Material supplied START

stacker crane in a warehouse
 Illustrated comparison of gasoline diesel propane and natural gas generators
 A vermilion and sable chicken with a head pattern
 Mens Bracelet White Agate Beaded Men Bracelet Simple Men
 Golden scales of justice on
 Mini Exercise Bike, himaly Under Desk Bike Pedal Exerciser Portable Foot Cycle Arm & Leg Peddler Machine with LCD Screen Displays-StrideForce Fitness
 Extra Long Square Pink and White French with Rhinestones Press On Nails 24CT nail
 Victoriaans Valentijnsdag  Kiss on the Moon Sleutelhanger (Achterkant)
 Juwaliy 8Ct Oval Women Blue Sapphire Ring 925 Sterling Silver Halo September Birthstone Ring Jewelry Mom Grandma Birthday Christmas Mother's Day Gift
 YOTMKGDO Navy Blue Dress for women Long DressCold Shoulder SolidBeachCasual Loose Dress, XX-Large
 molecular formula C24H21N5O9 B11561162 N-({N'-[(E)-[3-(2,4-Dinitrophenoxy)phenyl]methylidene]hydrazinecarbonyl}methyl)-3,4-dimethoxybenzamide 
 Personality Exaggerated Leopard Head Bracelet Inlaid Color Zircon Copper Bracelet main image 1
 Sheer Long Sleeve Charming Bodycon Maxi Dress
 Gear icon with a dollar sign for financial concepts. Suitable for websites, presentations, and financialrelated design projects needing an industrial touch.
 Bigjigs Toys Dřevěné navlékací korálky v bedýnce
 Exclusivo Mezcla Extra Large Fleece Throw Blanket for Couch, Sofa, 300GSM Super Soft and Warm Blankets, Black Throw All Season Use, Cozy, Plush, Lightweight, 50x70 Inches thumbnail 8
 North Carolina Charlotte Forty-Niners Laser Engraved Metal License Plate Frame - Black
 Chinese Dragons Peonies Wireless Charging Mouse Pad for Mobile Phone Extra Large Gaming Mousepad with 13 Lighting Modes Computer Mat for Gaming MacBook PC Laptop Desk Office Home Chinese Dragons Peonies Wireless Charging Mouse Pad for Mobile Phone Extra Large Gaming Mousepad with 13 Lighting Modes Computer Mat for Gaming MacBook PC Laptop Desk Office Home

Material supplied END

__Your goal__.
Looking back over the data above, restate word for word the lines that begin at the line with "Mini Exercise Bike, himaly" and end at the line with "YOTMKGDO Navy Blue", inclusive.

__Output for this exercise__.
 Mini Exercise Bike, himaly Under Desk Bike Pedal Exerciser Portable Foot Cycle Arm & Leg Peddler Machine with LCD Screen Displays-StrideForce Fitness
 Extra Long Square Pink and White French with Rhinestones Press On Nails 24CT nail
 Victoriaans Valentijnsdag  Kiss on the Moon Sleutelhanger (Achterkant)
 Juwaliy 8Ct Oval Women Blue Sapphire Ring 925 Sterling Silver Halo September Birthstone Ring Jewelry Mom Grandma Birthday Christmas Mother's Day Gift
 YOTMKGDO Navy Blue Dress for women Long DressCold Shoulder SolidBeachCasual Loose Dress, XX-Large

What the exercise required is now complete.